_To do_
Which lines of the entries below run from the one holding "Home with vinyl" to the one holding "Toyota PRIUS 2018-03 349612-7", inclusive? Set down exactly those lines and no others.

[Source data]
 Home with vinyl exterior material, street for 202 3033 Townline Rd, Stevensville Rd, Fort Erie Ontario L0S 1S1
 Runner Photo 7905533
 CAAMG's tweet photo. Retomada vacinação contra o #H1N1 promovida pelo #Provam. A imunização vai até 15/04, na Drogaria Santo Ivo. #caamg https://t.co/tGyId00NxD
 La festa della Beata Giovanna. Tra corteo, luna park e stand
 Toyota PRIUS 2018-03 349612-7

---

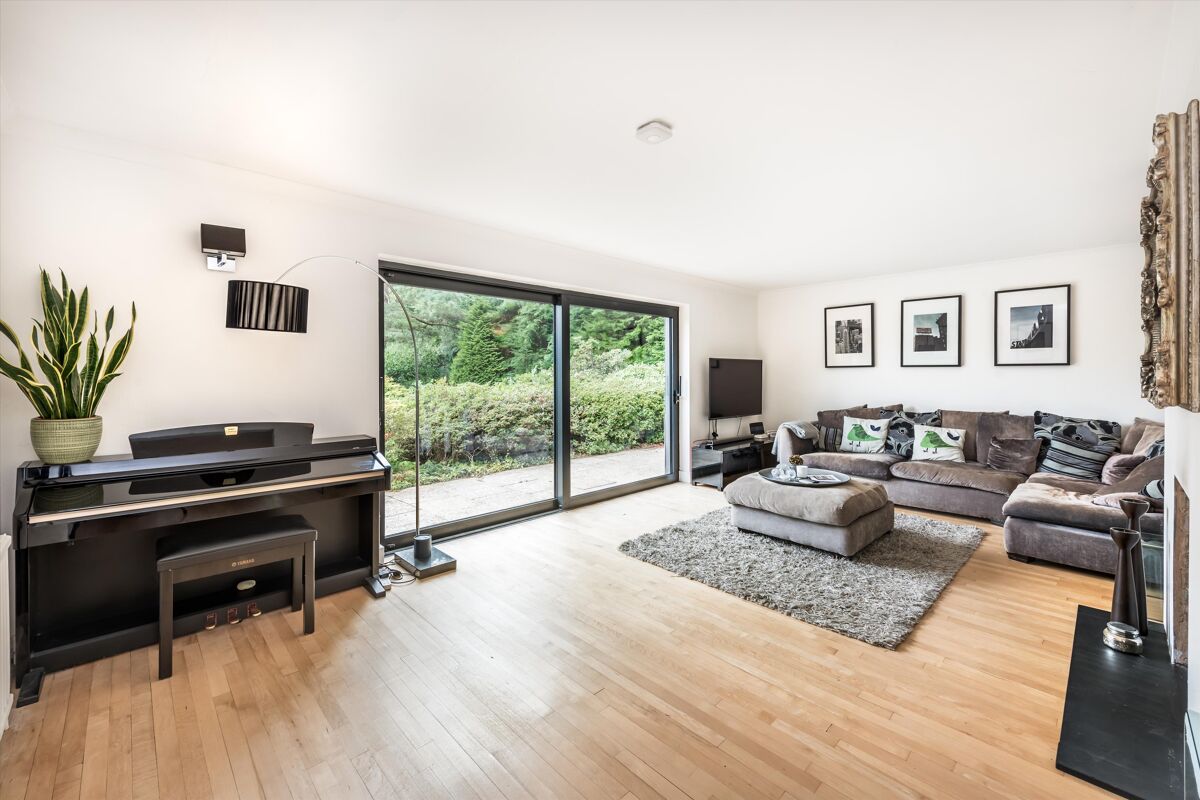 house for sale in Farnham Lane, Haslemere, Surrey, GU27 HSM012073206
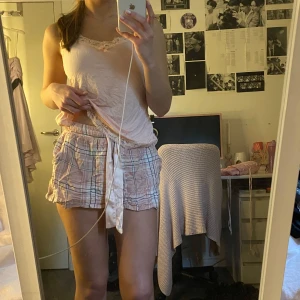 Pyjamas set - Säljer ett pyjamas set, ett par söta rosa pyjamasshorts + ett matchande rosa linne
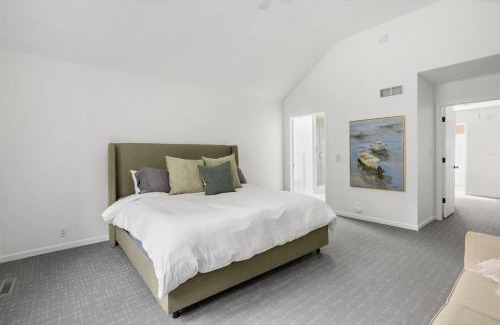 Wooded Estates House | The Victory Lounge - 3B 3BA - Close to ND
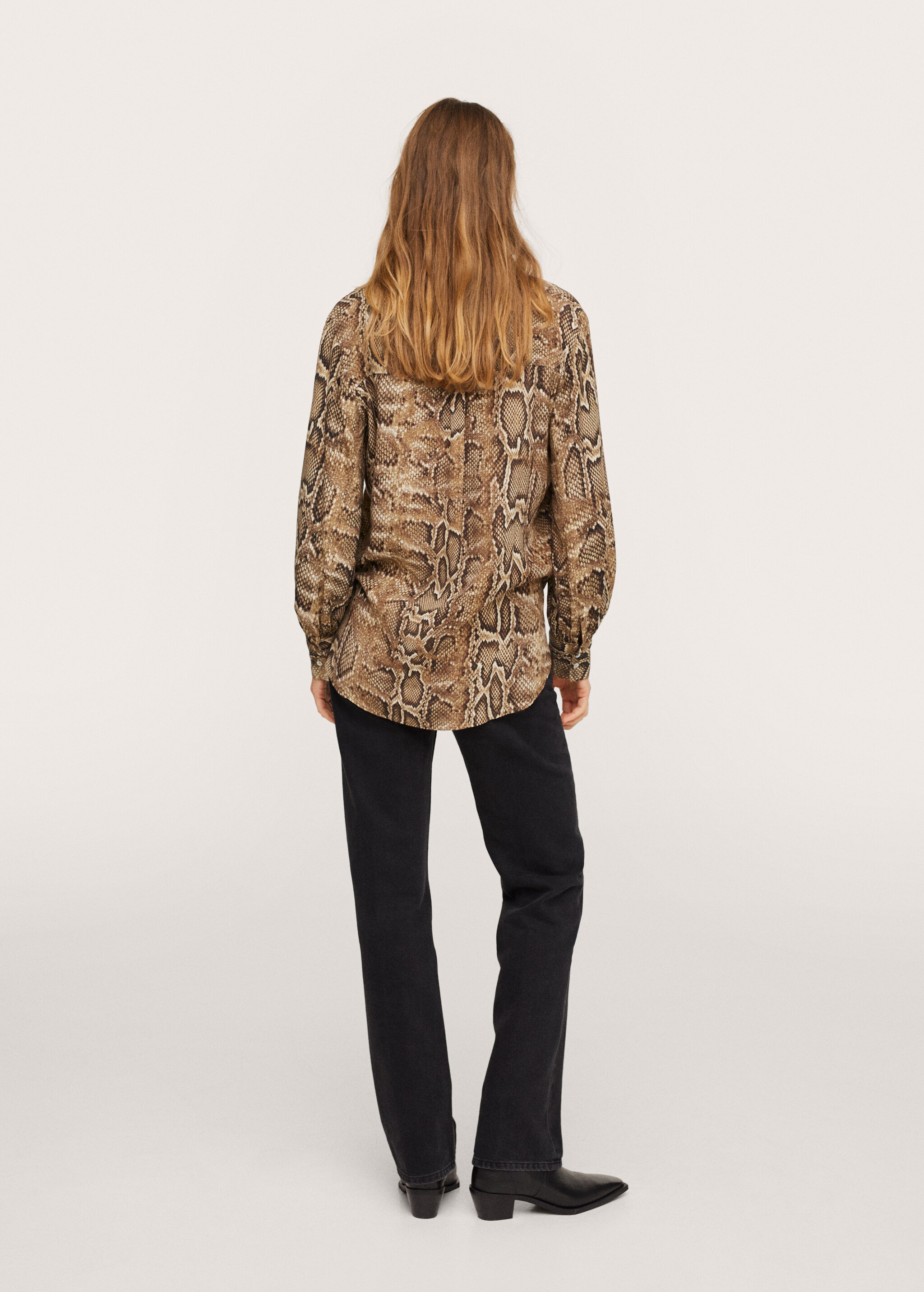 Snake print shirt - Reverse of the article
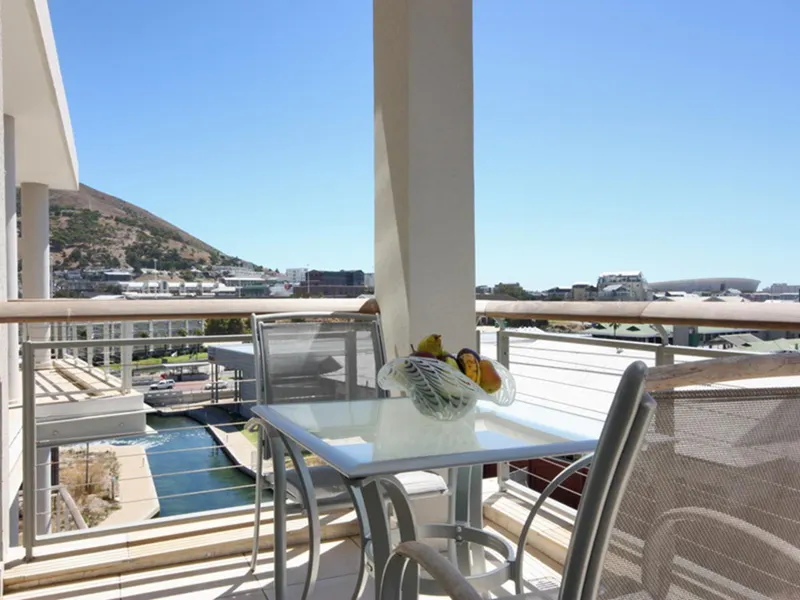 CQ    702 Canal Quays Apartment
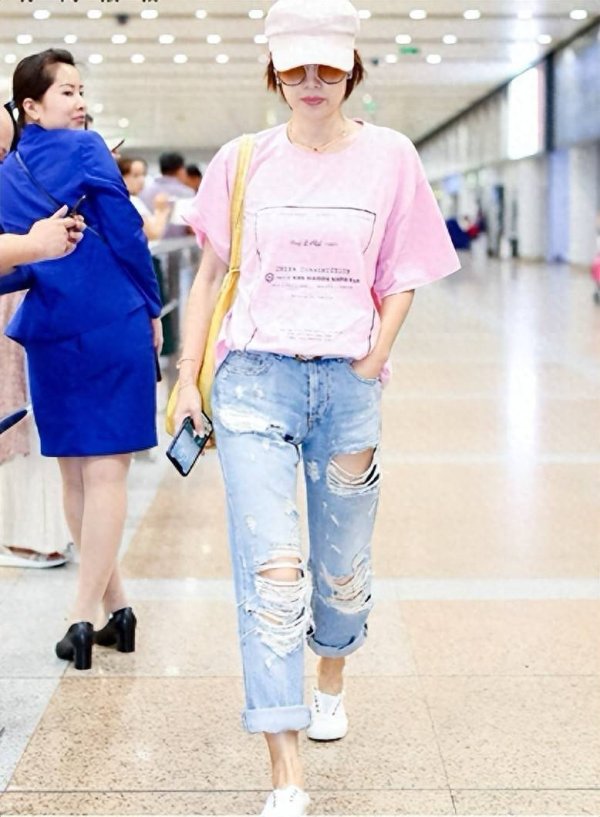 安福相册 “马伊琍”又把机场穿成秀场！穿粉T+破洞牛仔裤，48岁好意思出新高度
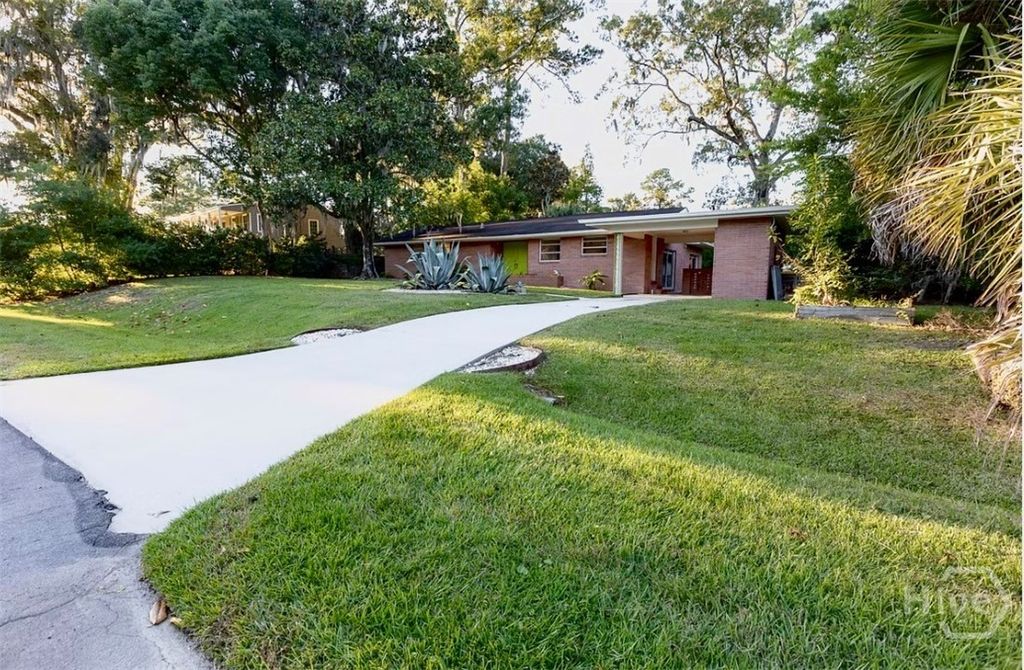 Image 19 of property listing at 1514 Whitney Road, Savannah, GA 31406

==

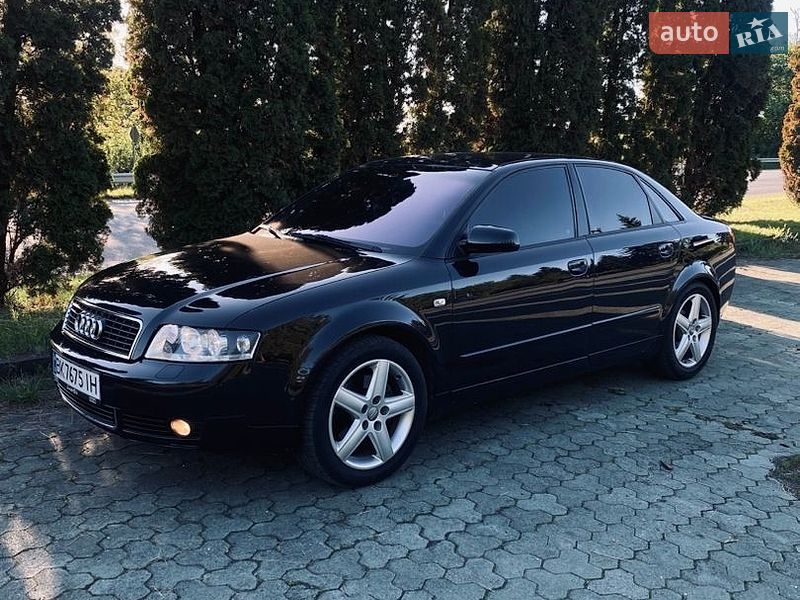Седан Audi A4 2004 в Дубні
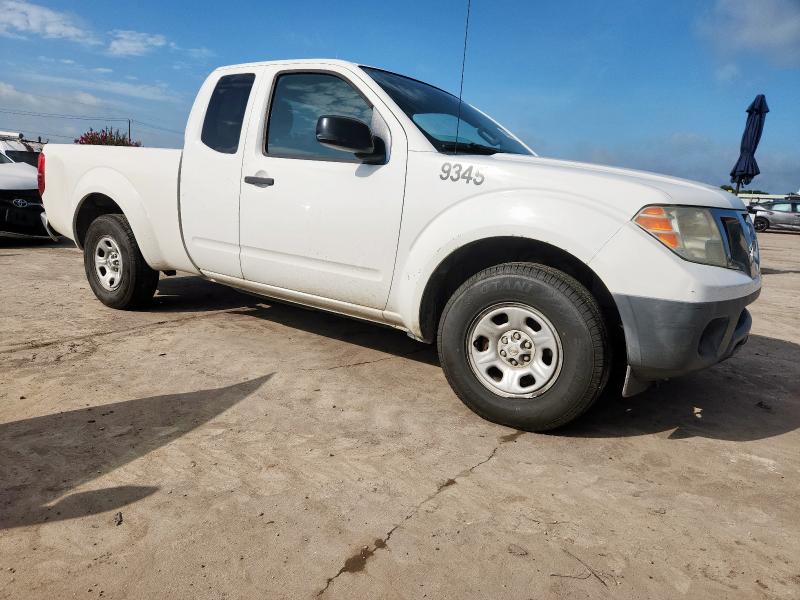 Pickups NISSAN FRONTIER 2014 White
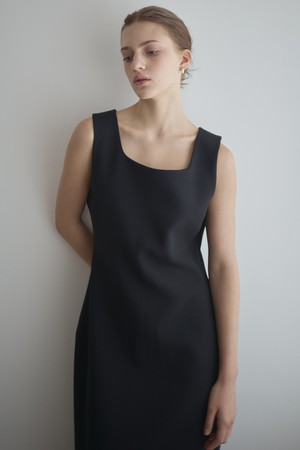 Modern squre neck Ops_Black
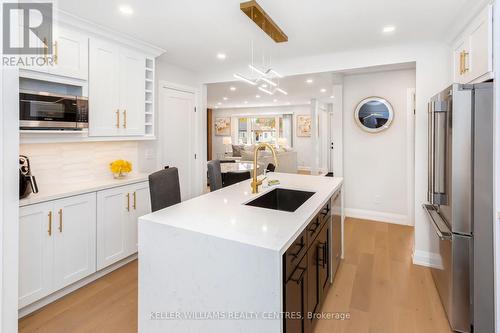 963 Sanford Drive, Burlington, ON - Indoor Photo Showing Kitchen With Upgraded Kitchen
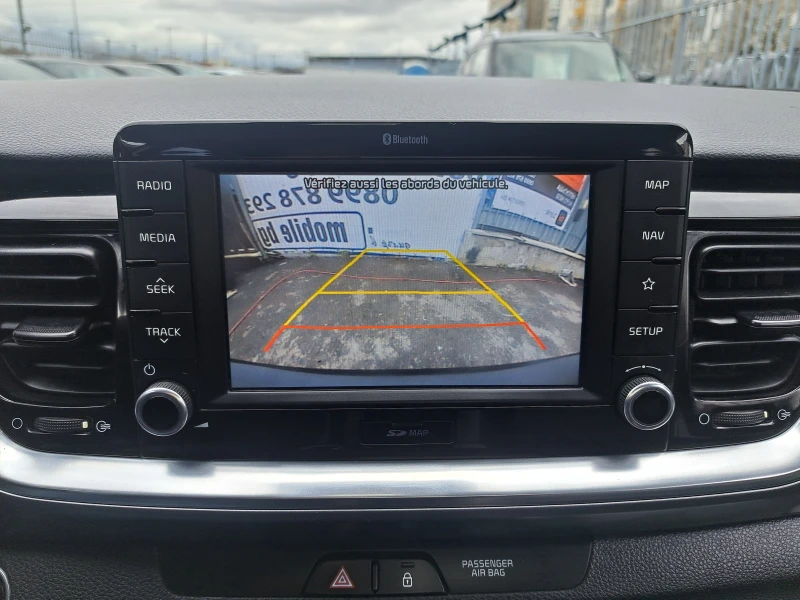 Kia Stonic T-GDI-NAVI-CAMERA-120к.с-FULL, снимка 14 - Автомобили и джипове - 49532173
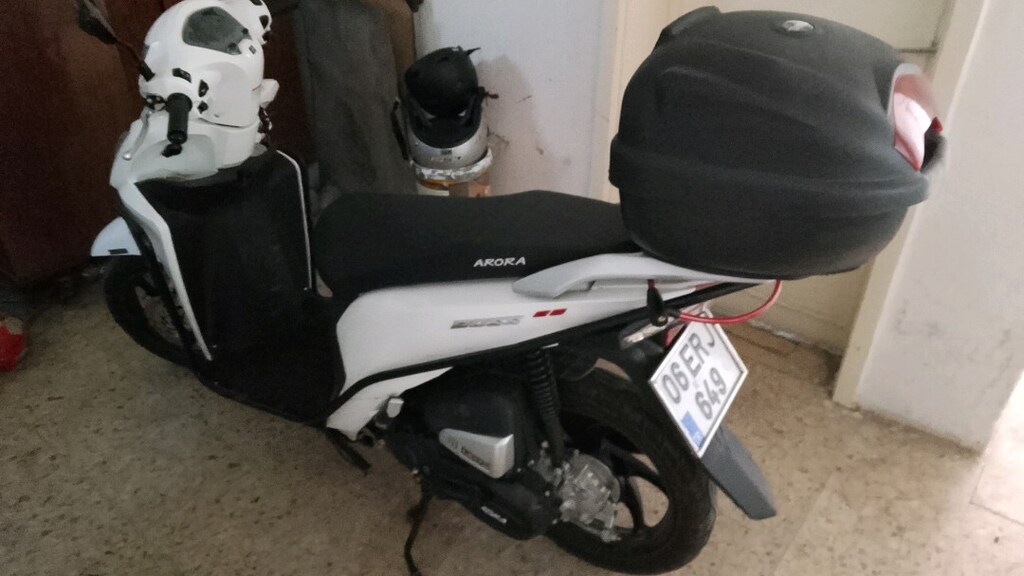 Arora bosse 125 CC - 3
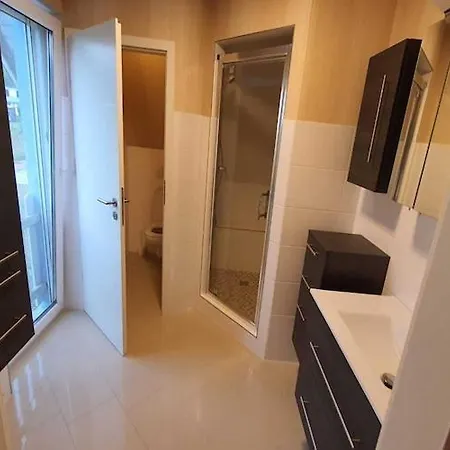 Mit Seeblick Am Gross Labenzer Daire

_Result_
 Home with vinyl exterior material, street for 202 3033 Townline Rd, Stevensville Rd, Fort Erie Ontario L0S 1S1
 Runner Photo 7905533
 CAAMG's tweet photo. Retomada vacinação contra o #H1N1 promovida pelo #Provam. A imunização vai até 15/04, na Drogaria Santo Ivo. #caamg https://t.co/tGyId00NxD
 La festa della Beata Giovanna. Tra corteo, luna park e stand
 Toyota PRIUS 2018-03 349612-7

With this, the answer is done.